Search code examples
algorithmhashcrc16

How to avoid crc16 collisions?


I am experiencing a pretty annoying issue, using a crc16 hash to manage some of my informations.

In my application, I pass some information into an url parameter, a huge encoded context. That context allow the users to recover their old searches. In that context, i have some elements I hash to be sure it won't take too much characters.

It seems that some elements return the same hash (crc16 algorithm).

I take the has and transform it to a string : crc.ToString("X4"); For example, two different elements gives me : 5A8E.

I tried to use a crc32, but if I do that, the old context won't be recognize.

Do you have any idea how i can find a solution to that ? Thanks a lot


Solution

  • Even if CRC16 was an ideal hash function (which it's not), with just 16 bits, the Birthday Paradox means that there's around a 50% chance of a hash collision in a set of just 2^8 = 256 items. You almost certainly need more bits.

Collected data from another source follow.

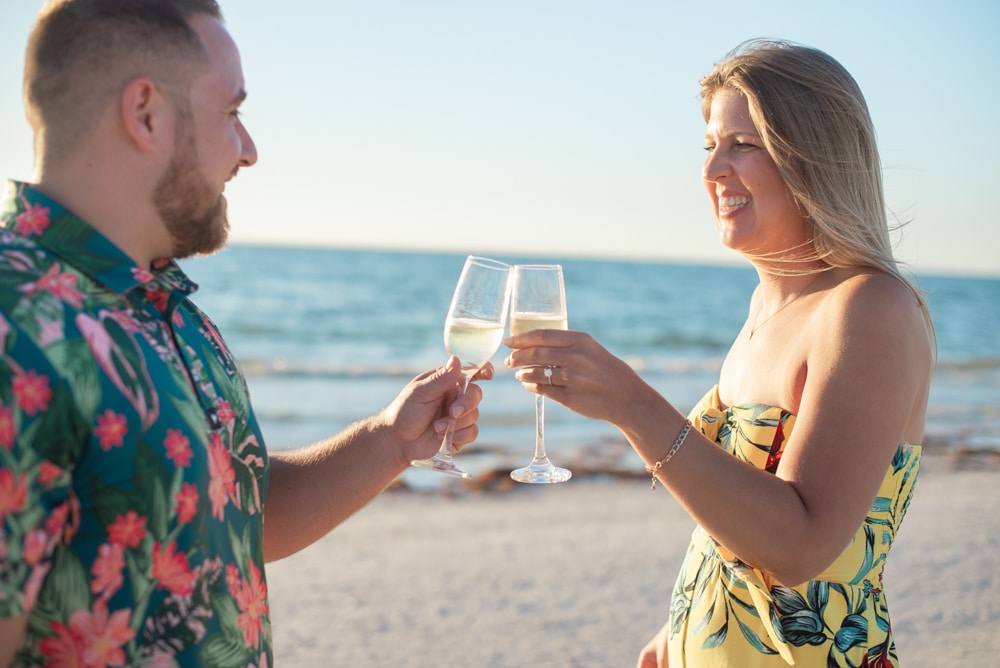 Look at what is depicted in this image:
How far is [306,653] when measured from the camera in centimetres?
525

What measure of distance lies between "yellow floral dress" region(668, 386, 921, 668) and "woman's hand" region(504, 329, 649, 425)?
48cm

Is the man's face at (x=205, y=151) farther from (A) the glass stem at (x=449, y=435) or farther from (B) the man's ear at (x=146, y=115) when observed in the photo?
(A) the glass stem at (x=449, y=435)

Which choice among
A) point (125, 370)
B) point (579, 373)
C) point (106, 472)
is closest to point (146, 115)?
point (125, 370)

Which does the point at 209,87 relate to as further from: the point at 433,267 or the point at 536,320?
the point at 433,267

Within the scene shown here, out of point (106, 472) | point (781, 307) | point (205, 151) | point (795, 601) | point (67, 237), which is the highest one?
point (205, 151)

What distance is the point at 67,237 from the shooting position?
1819 mm

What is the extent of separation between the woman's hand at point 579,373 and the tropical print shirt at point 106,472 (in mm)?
879

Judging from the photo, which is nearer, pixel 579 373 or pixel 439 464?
pixel 579 373

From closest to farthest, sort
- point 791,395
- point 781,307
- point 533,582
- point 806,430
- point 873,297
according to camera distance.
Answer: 1. point 806,430
2. point 873,297
3. point 791,395
4. point 781,307
5. point 533,582

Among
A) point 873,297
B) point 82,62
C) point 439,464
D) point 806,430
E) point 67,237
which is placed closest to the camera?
point 67,237

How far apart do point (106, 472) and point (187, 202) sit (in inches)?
28.9

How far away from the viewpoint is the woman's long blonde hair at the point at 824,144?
8.77 feet

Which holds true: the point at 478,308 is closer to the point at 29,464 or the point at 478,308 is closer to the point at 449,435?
the point at 449,435

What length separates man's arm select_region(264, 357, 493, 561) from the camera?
8.75ft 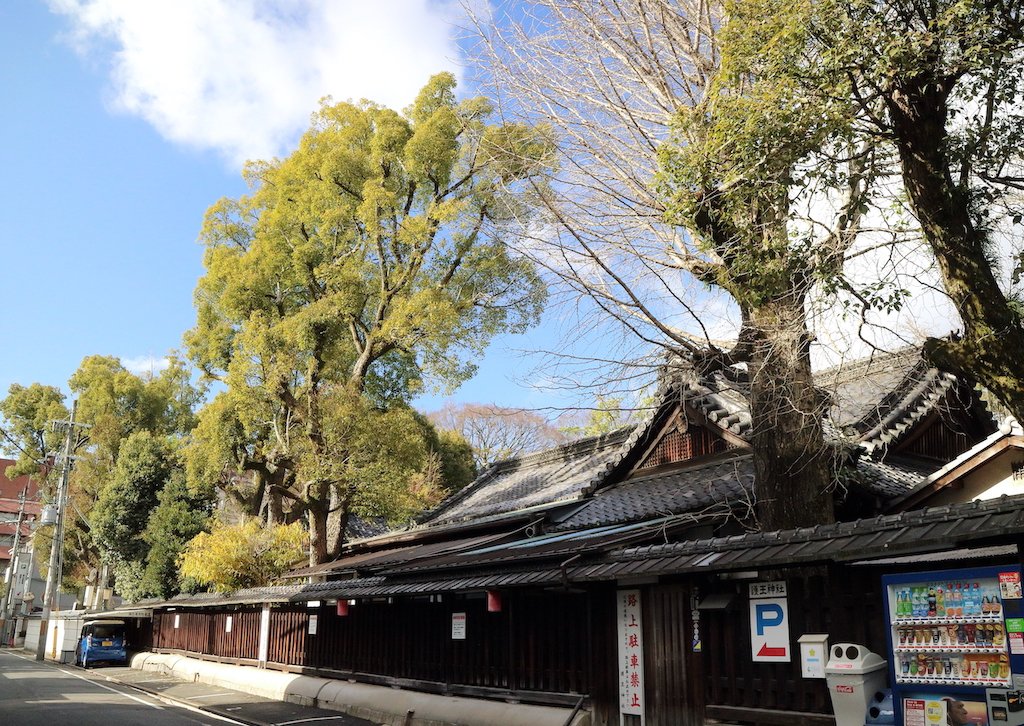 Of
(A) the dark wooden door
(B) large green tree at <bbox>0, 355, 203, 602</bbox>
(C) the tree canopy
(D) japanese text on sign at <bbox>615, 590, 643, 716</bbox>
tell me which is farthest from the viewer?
(B) large green tree at <bbox>0, 355, 203, 602</bbox>

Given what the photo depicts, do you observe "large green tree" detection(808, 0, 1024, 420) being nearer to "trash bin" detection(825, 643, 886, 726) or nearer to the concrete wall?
"trash bin" detection(825, 643, 886, 726)

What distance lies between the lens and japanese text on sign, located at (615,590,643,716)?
10969 millimetres

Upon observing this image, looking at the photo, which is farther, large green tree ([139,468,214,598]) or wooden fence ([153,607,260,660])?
large green tree ([139,468,214,598])

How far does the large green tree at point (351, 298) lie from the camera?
2214 cm

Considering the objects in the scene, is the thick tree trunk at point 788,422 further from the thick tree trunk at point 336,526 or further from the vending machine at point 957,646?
the thick tree trunk at point 336,526

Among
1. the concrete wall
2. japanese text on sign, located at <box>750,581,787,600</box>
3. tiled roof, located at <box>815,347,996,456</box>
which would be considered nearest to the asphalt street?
the concrete wall

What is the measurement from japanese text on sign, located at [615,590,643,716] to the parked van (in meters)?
28.9

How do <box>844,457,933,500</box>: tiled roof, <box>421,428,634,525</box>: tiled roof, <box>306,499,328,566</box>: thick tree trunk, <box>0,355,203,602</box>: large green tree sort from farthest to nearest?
<box>0,355,203,602</box>: large green tree
<box>306,499,328,566</box>: thick tree trunk
<box>421,428,634,525</box>: tiled roof
<box>844,457,933,500</box>: tiled roof

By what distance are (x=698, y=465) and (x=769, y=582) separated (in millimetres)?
7937

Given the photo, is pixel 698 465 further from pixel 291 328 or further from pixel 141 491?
pixel 141 491

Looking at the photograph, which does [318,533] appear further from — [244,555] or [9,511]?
[9,511]

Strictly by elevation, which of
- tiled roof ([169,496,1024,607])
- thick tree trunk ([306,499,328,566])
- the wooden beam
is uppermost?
thick tree trunk ([306,499,328,566])

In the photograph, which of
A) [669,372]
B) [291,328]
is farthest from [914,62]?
[291,328]

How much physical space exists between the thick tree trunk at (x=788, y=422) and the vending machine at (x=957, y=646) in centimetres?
248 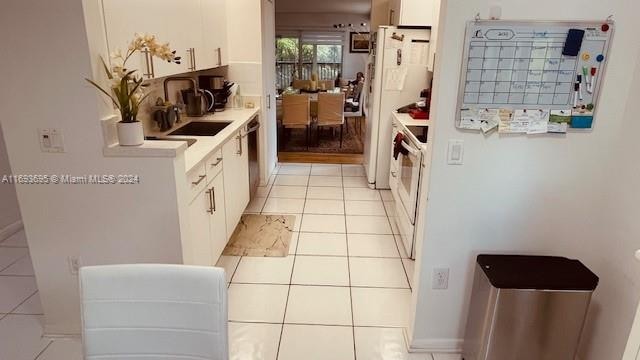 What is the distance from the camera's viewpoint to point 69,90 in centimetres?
180

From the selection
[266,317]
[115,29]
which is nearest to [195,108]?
[115,29]

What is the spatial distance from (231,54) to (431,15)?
6.93 feet

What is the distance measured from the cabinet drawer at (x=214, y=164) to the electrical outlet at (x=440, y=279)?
58.2 inches

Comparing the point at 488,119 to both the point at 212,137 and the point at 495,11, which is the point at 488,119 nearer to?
the point at 495,11

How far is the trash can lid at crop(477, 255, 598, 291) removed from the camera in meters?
1.66

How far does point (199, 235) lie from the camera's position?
7.66ft

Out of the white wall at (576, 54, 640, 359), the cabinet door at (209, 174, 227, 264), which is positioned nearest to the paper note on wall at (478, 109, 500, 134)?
the white wall at (576, 54, 640, 359)

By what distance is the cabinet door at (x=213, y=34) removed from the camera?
11.1 ft

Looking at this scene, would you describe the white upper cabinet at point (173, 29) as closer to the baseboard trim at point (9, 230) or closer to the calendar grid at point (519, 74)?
the calendar grid at point (519, 74)

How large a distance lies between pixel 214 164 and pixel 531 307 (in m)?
1.97

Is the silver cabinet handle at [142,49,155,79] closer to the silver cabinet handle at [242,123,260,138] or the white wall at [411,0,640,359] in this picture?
the silver cabinet handle at [242,123,260,138]

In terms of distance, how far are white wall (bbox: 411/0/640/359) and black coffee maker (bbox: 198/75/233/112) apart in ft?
9.16

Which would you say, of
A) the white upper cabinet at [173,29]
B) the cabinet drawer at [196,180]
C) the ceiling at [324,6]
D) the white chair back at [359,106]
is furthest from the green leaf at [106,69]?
the ceiling at [324,6]

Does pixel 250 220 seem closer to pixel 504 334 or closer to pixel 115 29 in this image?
pixel 115 29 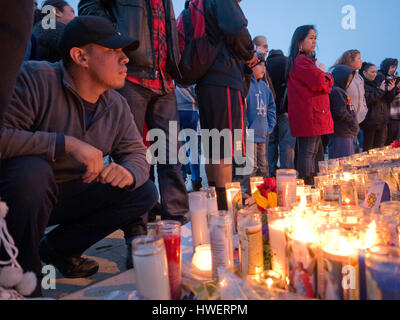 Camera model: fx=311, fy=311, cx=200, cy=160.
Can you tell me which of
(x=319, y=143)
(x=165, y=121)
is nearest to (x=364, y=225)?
(x=165, y=121)

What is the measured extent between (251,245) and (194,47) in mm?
1813

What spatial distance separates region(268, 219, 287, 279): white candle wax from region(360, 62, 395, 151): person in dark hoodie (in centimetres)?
486

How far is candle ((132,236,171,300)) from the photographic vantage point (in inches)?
34.6

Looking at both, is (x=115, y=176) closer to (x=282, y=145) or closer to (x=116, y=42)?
(x=116, y=42)

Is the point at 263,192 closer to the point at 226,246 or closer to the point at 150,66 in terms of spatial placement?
the point at 226,246

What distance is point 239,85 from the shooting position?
2.55 metres

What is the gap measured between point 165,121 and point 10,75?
5.22 feet

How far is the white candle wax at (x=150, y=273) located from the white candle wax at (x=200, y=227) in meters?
0.49

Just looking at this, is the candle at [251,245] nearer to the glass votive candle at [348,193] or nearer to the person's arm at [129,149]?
the glass votive candle at [348,193]

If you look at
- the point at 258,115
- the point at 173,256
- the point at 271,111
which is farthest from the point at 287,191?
the point at 271,111

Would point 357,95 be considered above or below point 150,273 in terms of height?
above

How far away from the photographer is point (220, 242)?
43.3 inches

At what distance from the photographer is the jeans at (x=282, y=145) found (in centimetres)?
420

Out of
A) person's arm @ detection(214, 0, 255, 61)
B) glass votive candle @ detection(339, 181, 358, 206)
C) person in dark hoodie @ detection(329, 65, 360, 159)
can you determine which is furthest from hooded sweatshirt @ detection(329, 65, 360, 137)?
glass votive candle @ detection(339, 181, 358, 206) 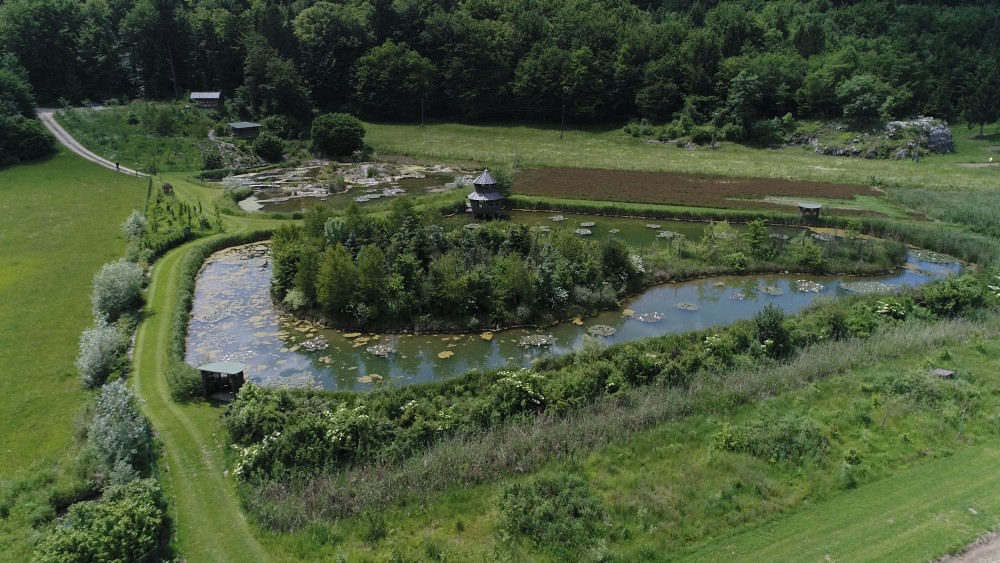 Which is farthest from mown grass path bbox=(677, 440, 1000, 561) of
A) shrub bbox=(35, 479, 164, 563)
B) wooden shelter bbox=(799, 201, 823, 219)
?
wooden shelter bbox=(799, 201, 823, 219)

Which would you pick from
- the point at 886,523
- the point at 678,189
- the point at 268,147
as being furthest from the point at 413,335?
the point at 268,147

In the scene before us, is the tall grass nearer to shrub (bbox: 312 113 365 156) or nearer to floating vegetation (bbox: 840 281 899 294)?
floating vegetation (bbox: 840 281 899 294)

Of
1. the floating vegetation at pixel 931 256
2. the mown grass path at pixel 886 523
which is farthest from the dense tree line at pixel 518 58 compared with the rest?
the mown grass path at pixel 886 523

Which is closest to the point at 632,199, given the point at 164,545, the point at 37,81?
the point at 164,545

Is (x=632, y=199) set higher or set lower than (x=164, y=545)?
higher

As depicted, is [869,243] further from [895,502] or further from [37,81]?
[37,81]

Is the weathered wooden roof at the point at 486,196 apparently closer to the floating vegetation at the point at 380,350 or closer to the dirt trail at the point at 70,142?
the floating vegetation at the point at 380,350

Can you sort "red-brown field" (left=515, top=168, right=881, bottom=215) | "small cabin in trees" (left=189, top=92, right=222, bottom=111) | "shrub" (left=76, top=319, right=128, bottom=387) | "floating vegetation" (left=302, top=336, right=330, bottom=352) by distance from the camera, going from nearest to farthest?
"shrub" (left=76, top=319, right=128, bottom=387) < "floating vegetation" (left=302, top=336, right=330, bottom=352) < "red-brown field" (left=515, top=168, right=881, bottom=215) < "small cabin in trees" (left=189, top=92, right=222, bottom=111) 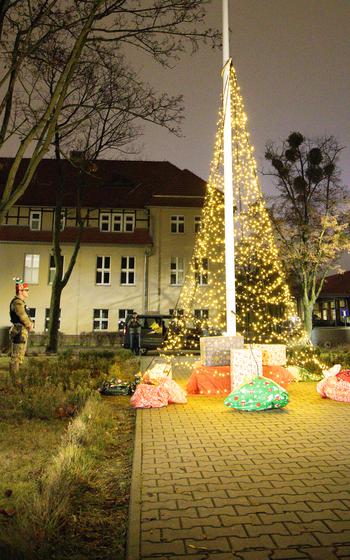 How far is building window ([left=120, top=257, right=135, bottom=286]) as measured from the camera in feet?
103

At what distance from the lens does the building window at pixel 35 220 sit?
31.9 meters

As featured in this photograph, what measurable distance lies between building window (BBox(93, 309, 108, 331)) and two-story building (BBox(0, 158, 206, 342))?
8 centimetres

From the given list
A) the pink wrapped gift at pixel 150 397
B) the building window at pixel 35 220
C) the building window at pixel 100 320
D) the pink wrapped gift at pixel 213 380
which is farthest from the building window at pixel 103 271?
the pink wrapped gift at pixel 150 397

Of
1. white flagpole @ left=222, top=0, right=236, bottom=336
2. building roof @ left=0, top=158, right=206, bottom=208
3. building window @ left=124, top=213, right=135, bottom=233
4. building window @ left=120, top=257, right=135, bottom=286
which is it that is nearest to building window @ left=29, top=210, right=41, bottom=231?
building roof @ left=0, top=158, right=206, bottom=208

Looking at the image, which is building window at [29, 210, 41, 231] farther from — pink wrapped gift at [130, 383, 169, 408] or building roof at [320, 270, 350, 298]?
building roof at [320, 270, 350, 298]

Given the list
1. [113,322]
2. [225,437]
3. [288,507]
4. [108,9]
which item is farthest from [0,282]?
[288,507]

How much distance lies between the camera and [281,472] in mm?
4094

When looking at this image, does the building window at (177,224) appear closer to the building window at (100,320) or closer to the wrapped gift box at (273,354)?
the building window at (100,320)

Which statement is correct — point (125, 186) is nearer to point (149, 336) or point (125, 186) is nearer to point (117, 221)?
point (117, 221)

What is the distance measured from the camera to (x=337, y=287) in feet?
158

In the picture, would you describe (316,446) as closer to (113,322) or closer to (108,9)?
(108,9)

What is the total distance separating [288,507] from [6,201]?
678 centimetres

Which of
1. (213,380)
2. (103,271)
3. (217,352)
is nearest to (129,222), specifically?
(103,271)

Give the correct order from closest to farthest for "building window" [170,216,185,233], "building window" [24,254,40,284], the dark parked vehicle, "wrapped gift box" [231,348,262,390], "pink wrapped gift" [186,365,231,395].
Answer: "wrapped gift box" [231,348,262,390] < "pink wrapped gift" [186,365,231,395] < the dark parked vehicle < "building window" [24,254,40,284] < "building window" [170,216,185,233] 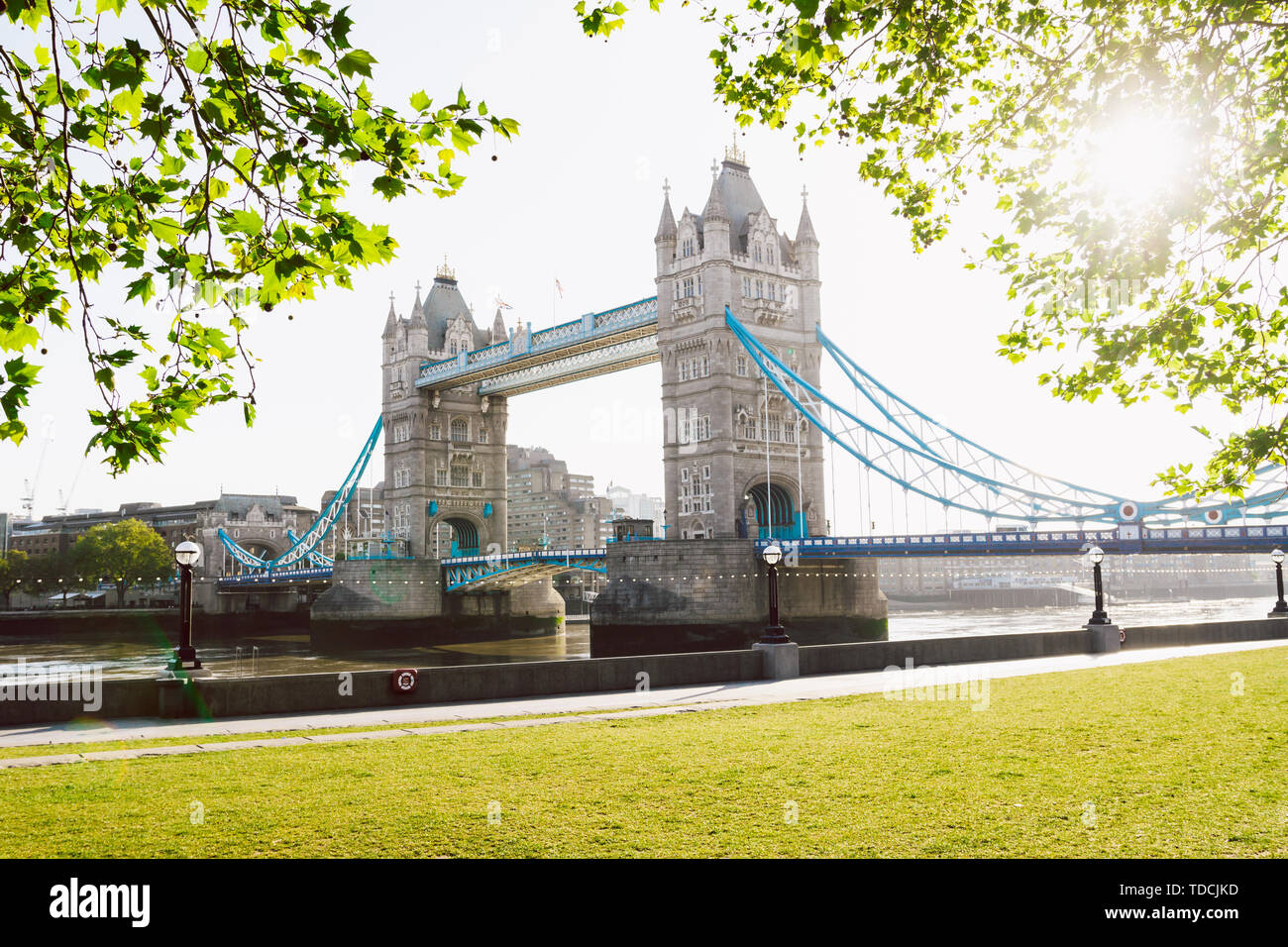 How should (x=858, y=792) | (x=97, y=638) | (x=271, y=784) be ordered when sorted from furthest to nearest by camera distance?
1. (x=97, y=638)
2. (x=271, y=784)
3. (x=858, y=792)

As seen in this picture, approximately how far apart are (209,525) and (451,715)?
122724 mm

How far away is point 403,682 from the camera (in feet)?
55.7

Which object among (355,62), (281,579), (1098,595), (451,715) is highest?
(355,62)

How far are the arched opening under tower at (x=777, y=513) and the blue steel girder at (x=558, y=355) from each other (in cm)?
1052

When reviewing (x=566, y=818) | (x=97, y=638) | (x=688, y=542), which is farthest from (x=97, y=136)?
(x=97, y=638)

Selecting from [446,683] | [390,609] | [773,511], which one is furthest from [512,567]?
[446,683]

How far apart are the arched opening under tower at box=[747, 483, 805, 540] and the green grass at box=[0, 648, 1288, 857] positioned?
4152cm

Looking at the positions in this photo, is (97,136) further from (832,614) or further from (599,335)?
(599,335)

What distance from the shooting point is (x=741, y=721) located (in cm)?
1347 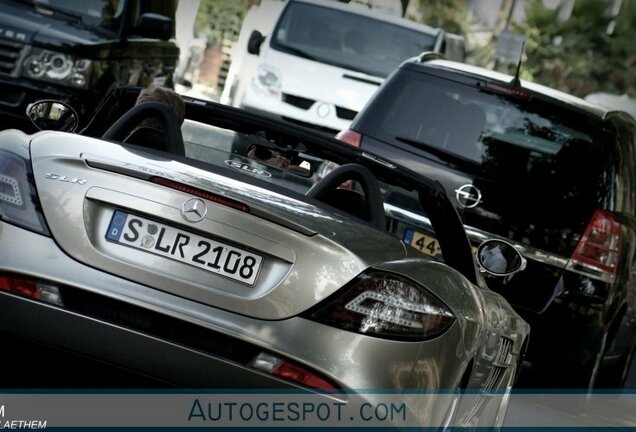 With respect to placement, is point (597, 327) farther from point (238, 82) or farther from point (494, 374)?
point (238, 82)

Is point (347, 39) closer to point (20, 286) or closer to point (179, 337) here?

    You can't keep the old hashes working and make them distinguish existing collisions -- that's a contradiction. But you can implement a new, better hashing scheme, add a flag to the URL parameters to indicate that you're using this new scheme, make sure that all your pages generate only these new-style URLs, and "grandfather in" the old-style URLs (which will continue to produce the same collisions as before). I'd suggest giving users a big, bright message to update their bookmarks, and auto-redirecting the page, whenever you get an old-style URL.